Pazartesi, Mart 5

geçmiş kolay geçmez.





bi şey olur... eski arkadaşlarla sonradan karşılaşmalarda, kaybettiğiniz bir şeyi arar gibi dolaşır kelimeler aranızda. sohbet bazen bir köşeye yığılır, bazı yerlerde seyrekleşir... çoğu yerde de susarsınız; kelimeler ne halt edeceğini bilemez.

dün konuştuğumuzda ama, her şey yerli yerindeydi. ortak dostumuz, reha sohbetimizde, yanımızdaydı çünkü.. itiraf ettik; ikimiz de onu özlüyorduk. özlüyorduk, çünkü, kendine bile dillendiremediğin bir şeyi, reha’ya söyleyebilirdin. onun anlayışı içinde, insan olmanın macerasına dahil olarak coşkuyla kabul görürdün. isterdin ki reha tanık olsun, ne yapıyorsan.  ben reha’yı ara sıra arçil’in yüzünde, tavırlarında görüyorum gerçi. geçen gün arçil’i uyandırmak için, yorganı çekip, omzuna dokunup, şakağını öper, o hala uykuda direnirken, dedi ki gözleri hala kapalı, yüzünde muzip bir ifade; ‘dayı, ne satıyosan almıyom, yaw.’:) öylesine babasıydı ki o anda oğlum, şaşkınlıkla kahkahayı bastım, ama gözlerim de doldu.

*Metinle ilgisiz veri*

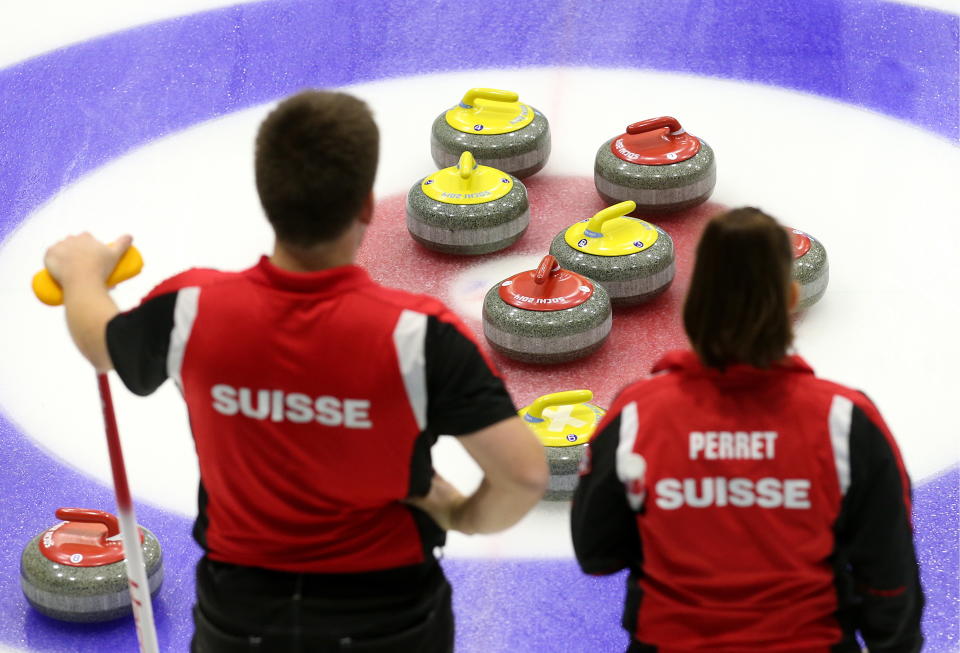 Martin Rios (L) and Jenny Perret of Team Perret (Glarus, Switzerland) in a match against Team Moskaleva (Dmitrov, Russia) at International Mixed Doubles Sochi 2017, an event of the 2017-2018 World Mixed Doubles Curling Tour, at the Ice Cube Curling Center. | Photo by Valery Sharifulin—TASS/Getty Images:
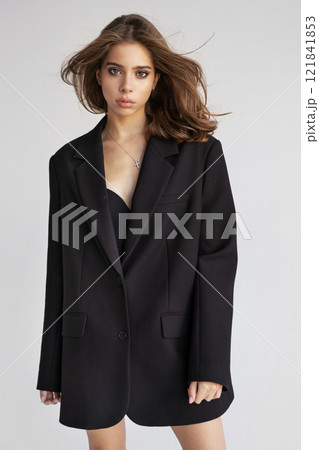 Beautiful European woman with dark hair In Oversized Black Blazer looks camera isolated on white background. Portrait Fashion model posing in studio, beauty, elegance and modern style 121841853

arkadaşım, conrad’ı, faulkner’ı, carson mccullers’ı ve daha bir çok yazarı sevmesinde reha’nın katkısından bahsetti. şaşırdım; ben reha’yı neden kitaplarla hatırlamıyorum? kitapları, oradaki karakterlerin onun farkettiği gizli trajedisini anlatırkenki heyecanını hatırlıyorum; ama ne yazarları, ne kahramanların adlarını hatırlıyorum. keşke unutmasaymışım; conrad hakkında ne, ama ne söylüyordu? benim şimdi, carson mccullers’ın sinirli, ergen kızlarında kendimi buluşuma güler miydi? faulkner’ın, döşeğimde ölürken kitabının benim için adana demek olduğunu söylesem, ne demek istediğimi tümden anlardı ama, eminim.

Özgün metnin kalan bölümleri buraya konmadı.